→ **What you have to do**:
For the records below, output word for word the lines from the one with "comprehensive property buying, optimistic" up to and including the one with "ヴィルヌーブ(3LDK/4階)の間取り写真". No pictures.

** Record excerpts follows **

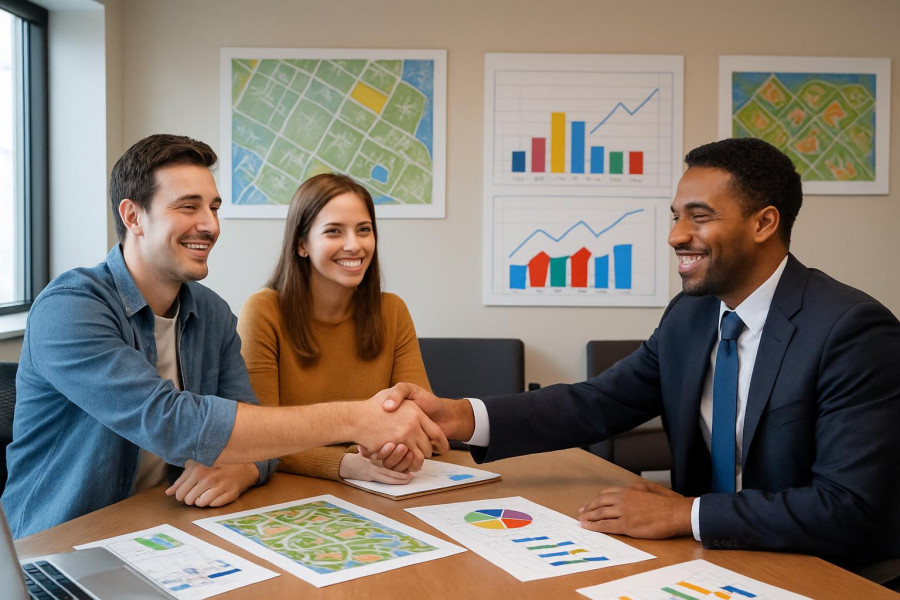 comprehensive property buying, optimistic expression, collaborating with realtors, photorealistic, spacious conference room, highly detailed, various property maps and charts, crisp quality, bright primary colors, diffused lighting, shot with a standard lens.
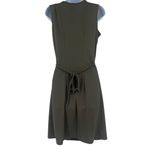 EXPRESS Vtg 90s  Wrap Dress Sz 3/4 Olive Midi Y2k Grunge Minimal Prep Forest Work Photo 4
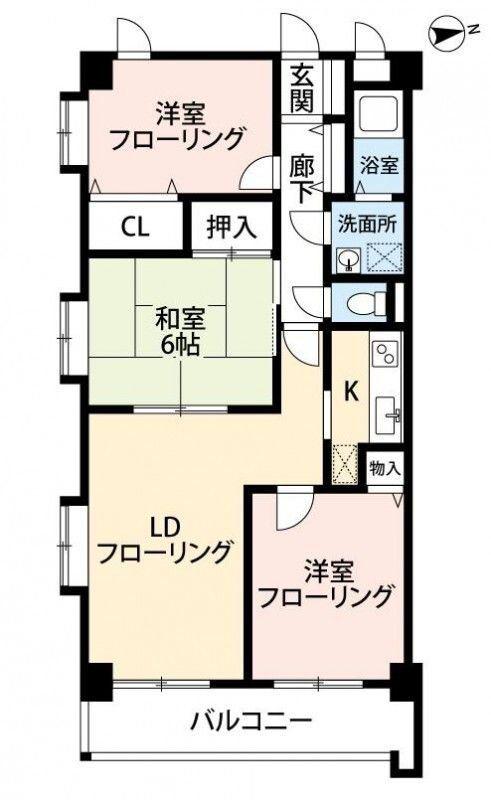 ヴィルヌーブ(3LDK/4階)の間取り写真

** End of Record excerpts **
** Record excerpts follows **

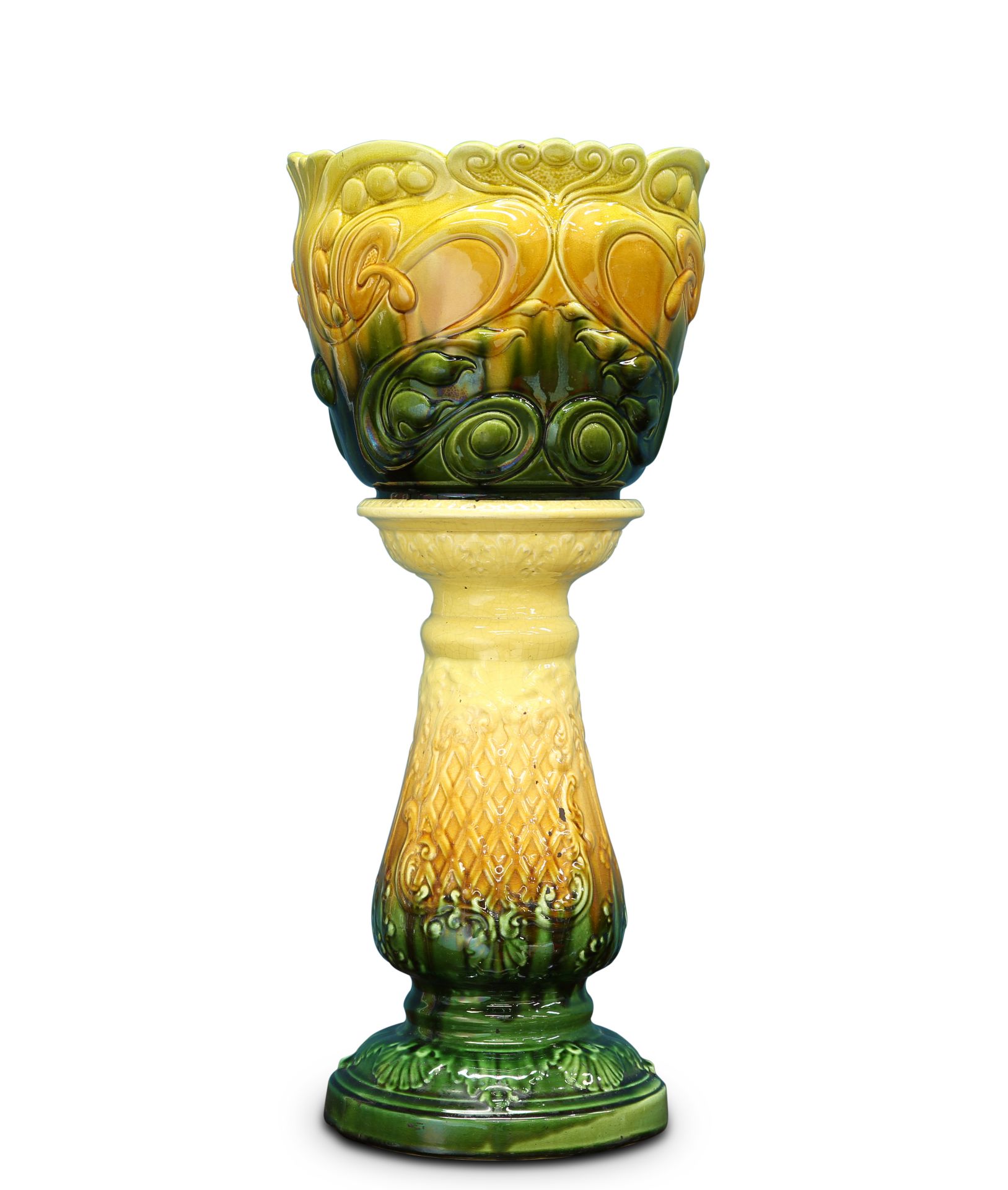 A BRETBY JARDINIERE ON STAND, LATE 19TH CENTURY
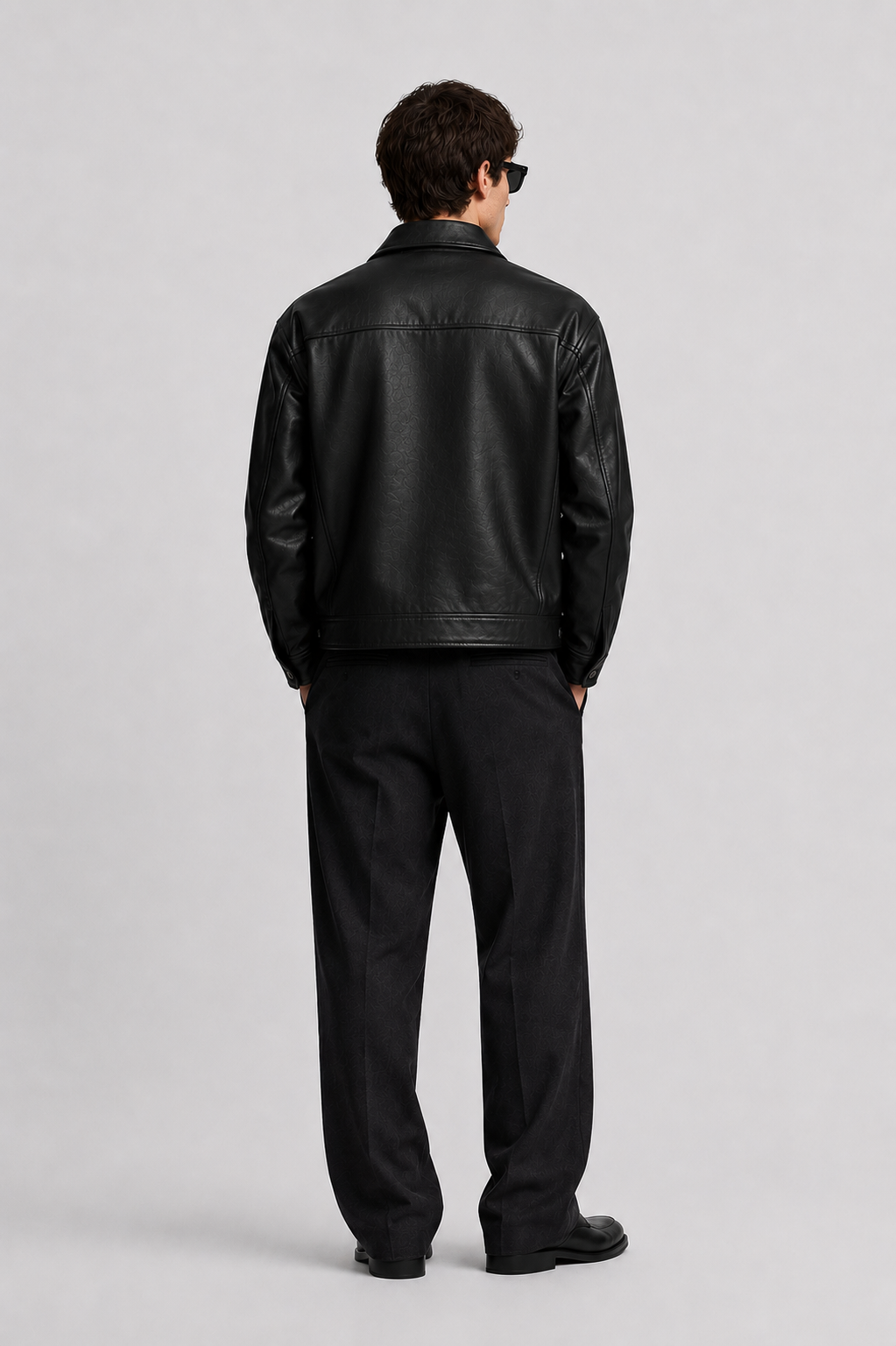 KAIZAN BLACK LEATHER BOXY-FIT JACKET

** End of Record excerpts **
** Record excerpts follows **

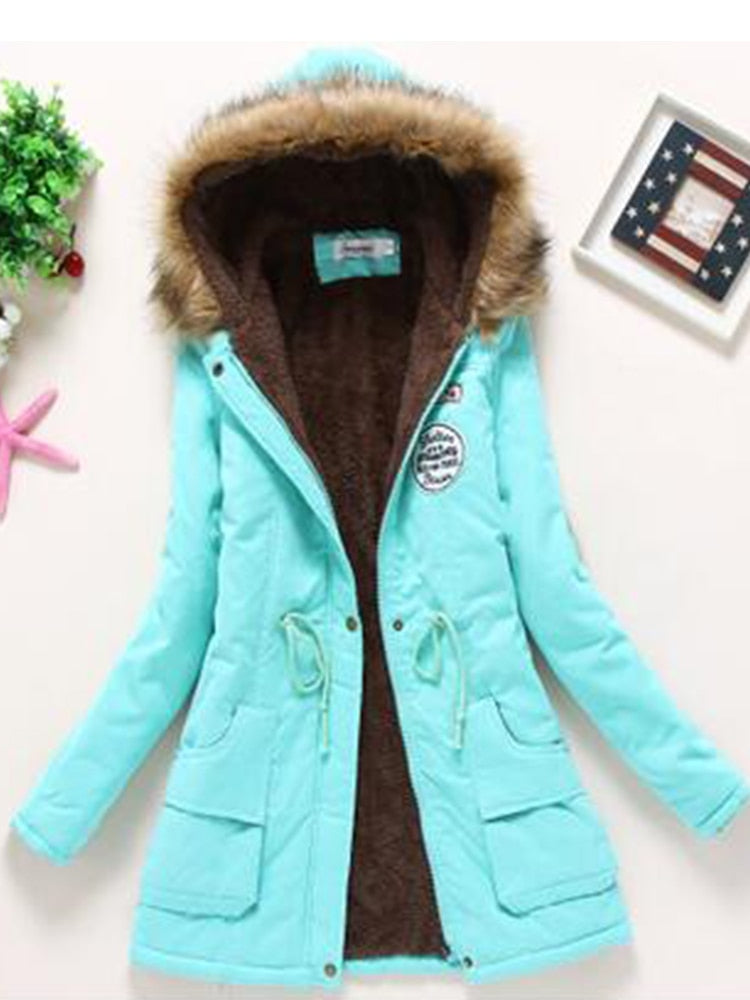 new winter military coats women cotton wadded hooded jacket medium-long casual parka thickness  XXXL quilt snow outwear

** End of Record excerpts **

→ **Task output**:
 comprehensive property buying, optimistic expression, collaborating with realtors, photorealistic, spacious conference room, highly detailed, various property maps and charts, crisp quality, bright primary colors, diffused lighting, shot with a standard lens.
 EXPRESS Vtg 90s  Wrap Dress Sz 3/4 Olive Midi Y2k Grunge Minimal Prep Forest Work Photo 4
 ヴィルヌーブ(3LDK/4階)の間取り写真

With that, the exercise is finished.